• **Task brief**: The lines from the one containing "En venta Hymer" through the final line of the listing below are what the answer must repeat, exactly and only, leaving pictures out.

* * * * *

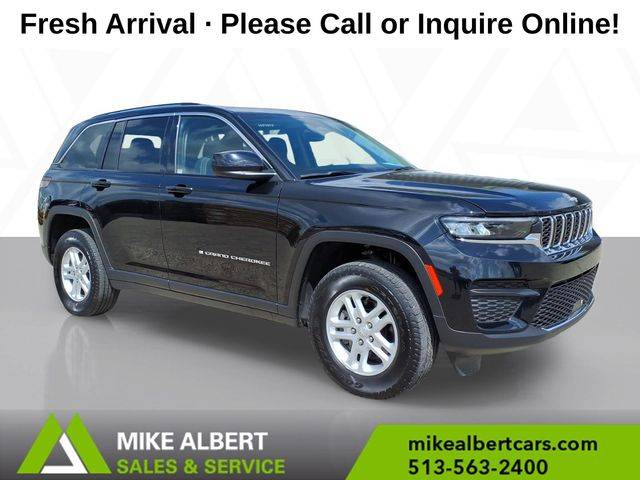 2023 Jeep Grand Cherokee Laredo 4WD photo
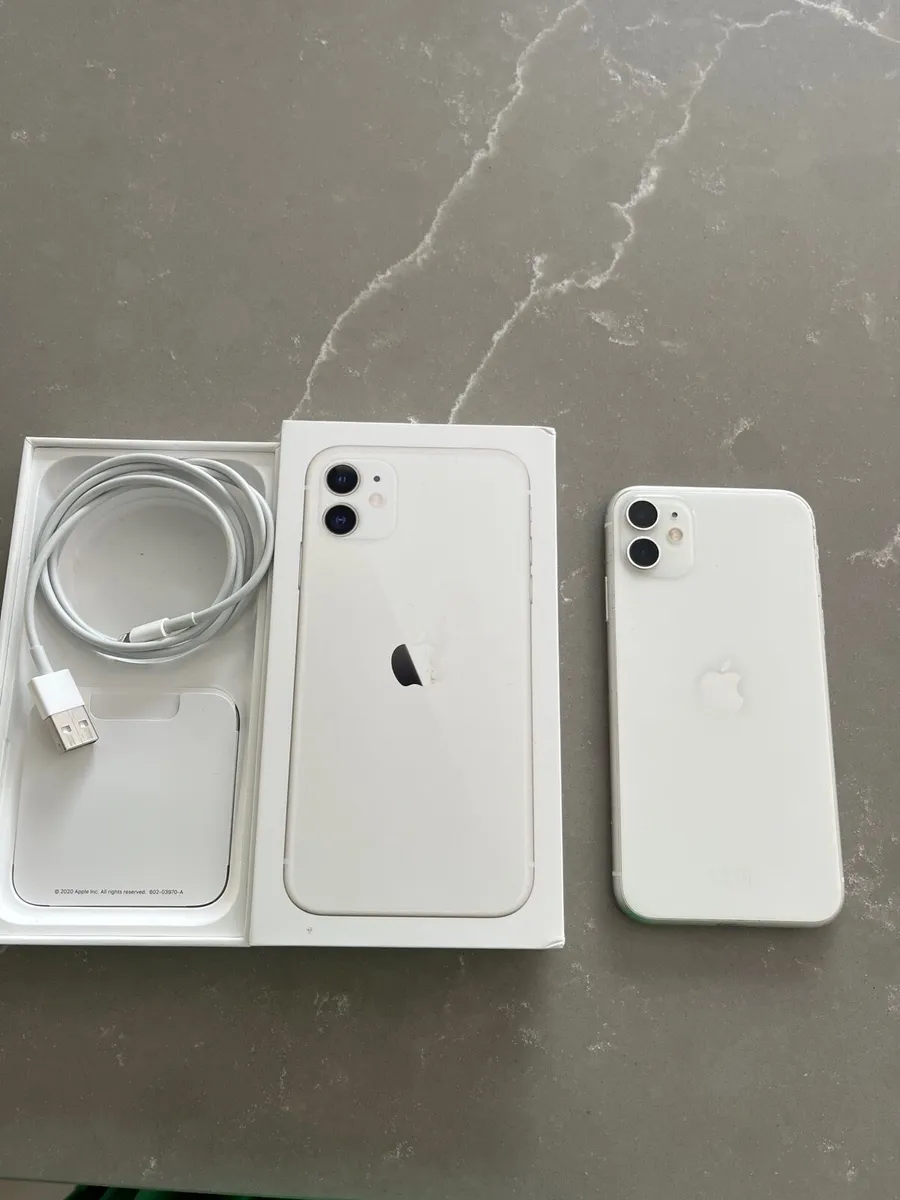 iPhone 11 - Image 2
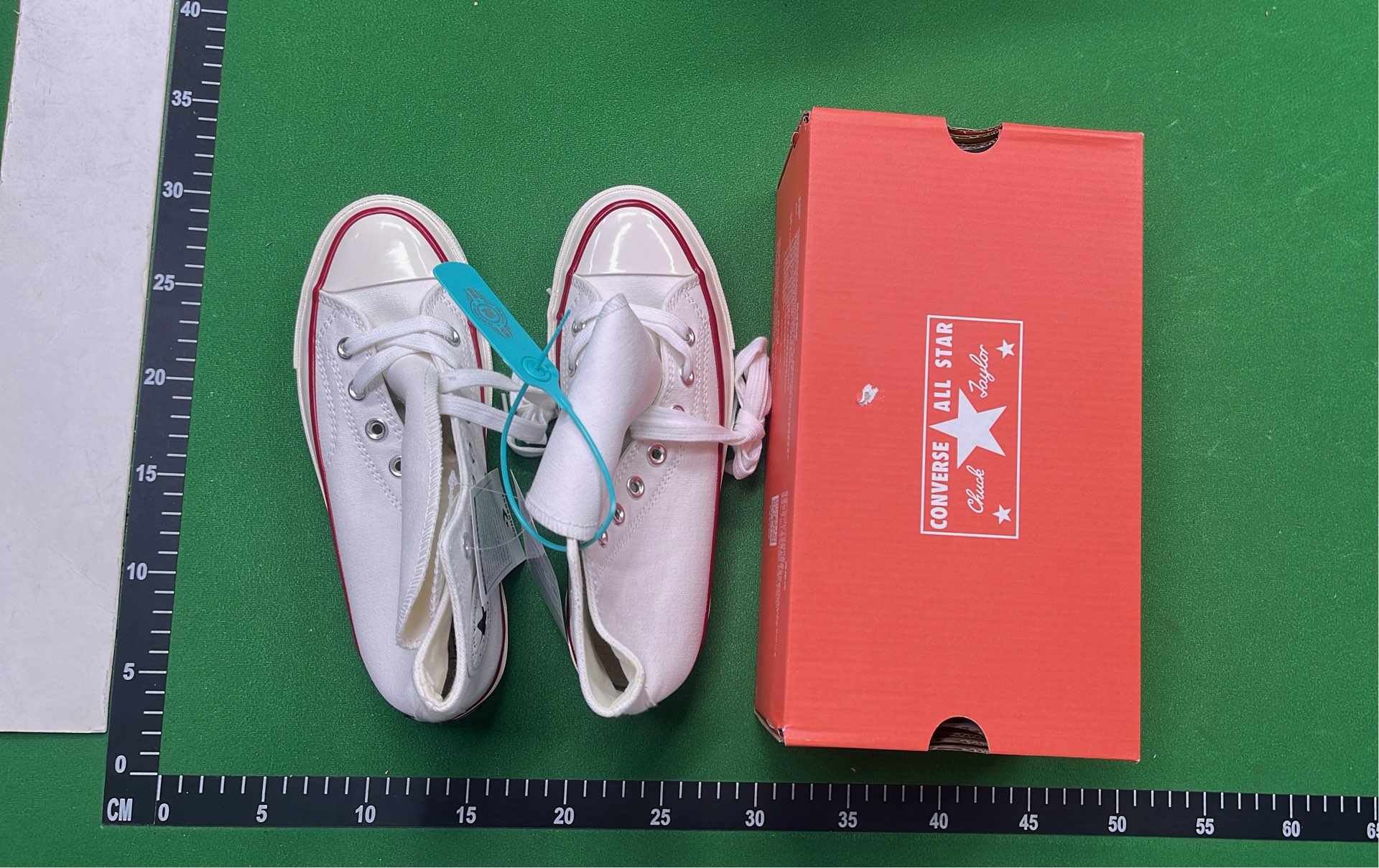 Converse 1970s Chuck Taylor All Star (20+)  in the Best OopBuy Spreadsheet QC photos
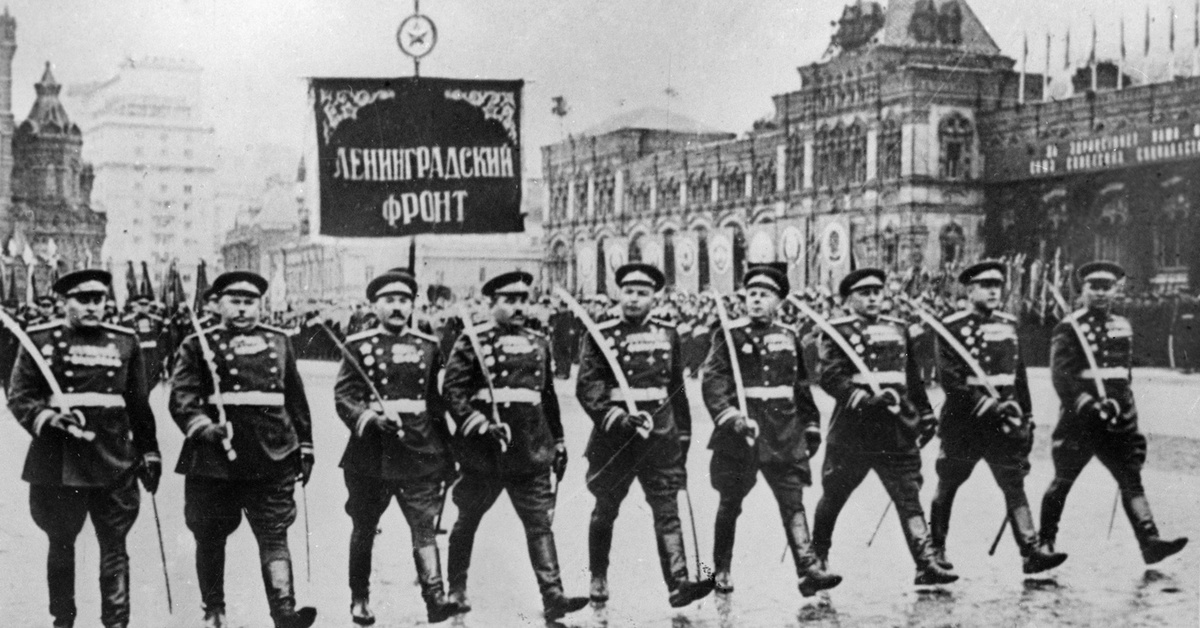 Фото из архива: парад Победы 1945 года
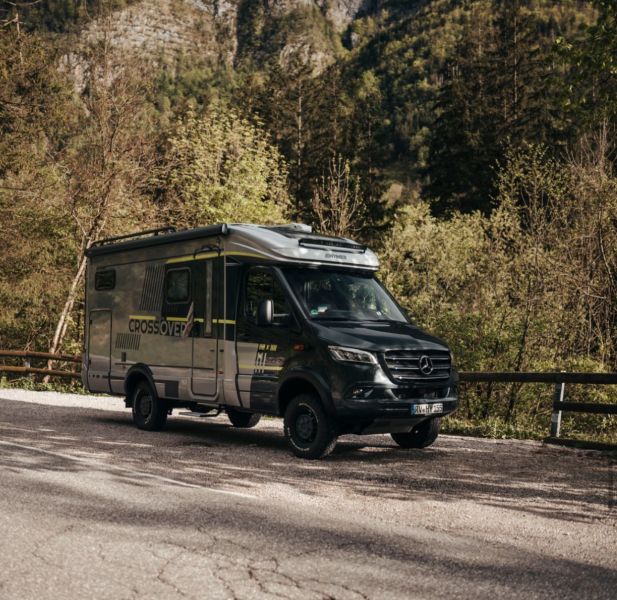 En venta Hymer / Eriba / Hymercar HYMER ML-T570 CROSSOVER Gris 2025 Málaga foto 15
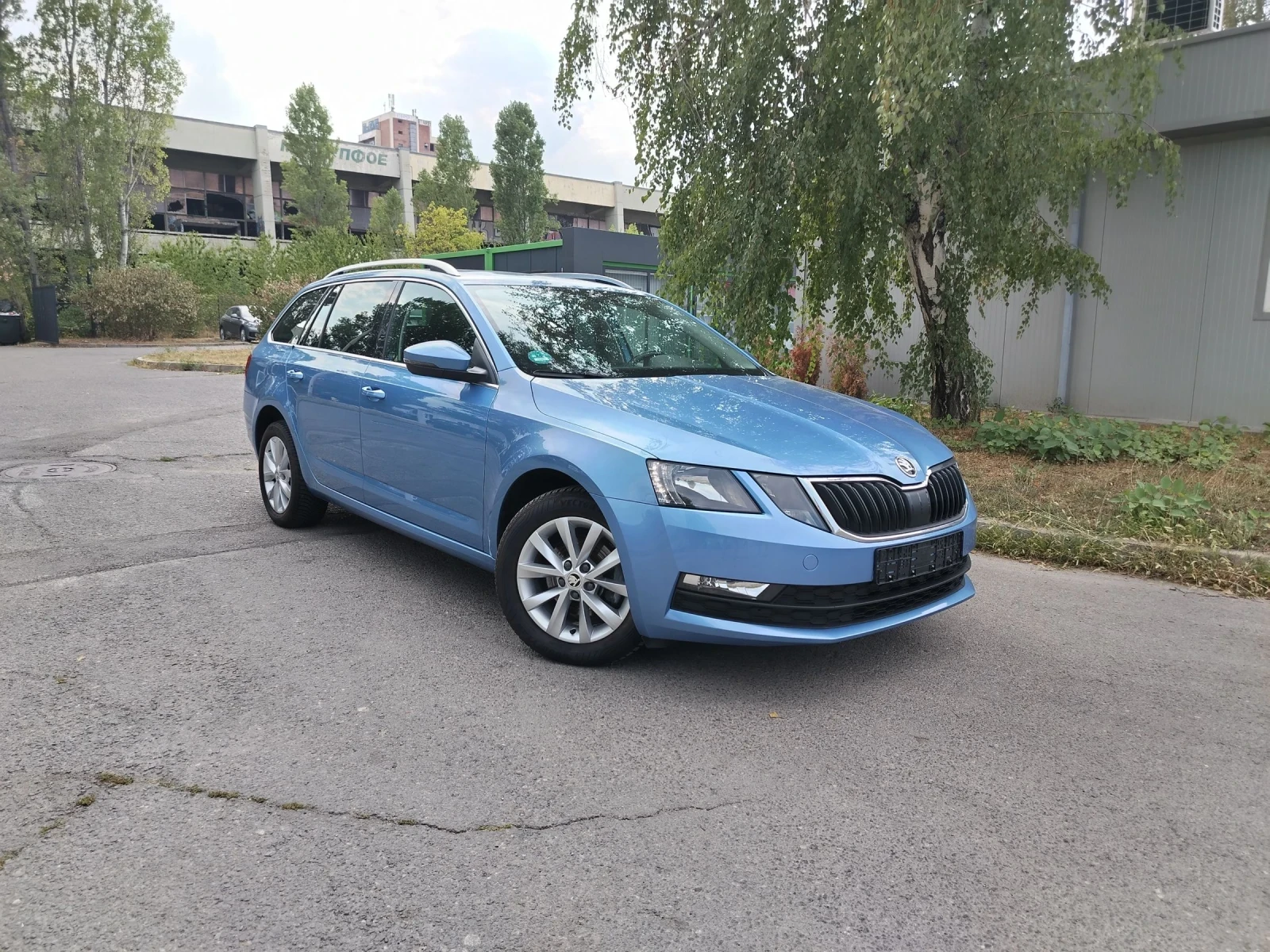 Skoda Octavia 1.0БЕНЗИН /АВТОМАТИК /НАВИГИЦИЯ  - изображение 2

* * * * *

• **Completed exercise**:
 En venta Hymer / Eriba / Hymercar HYMER ML-T570 CROSSOVER Gris 2025 Málaga foto 15
 Skoda Octavia 1.0БЕНЗИН /АВТОМАТИК /НАВИГИЦИЯ  - изображение 2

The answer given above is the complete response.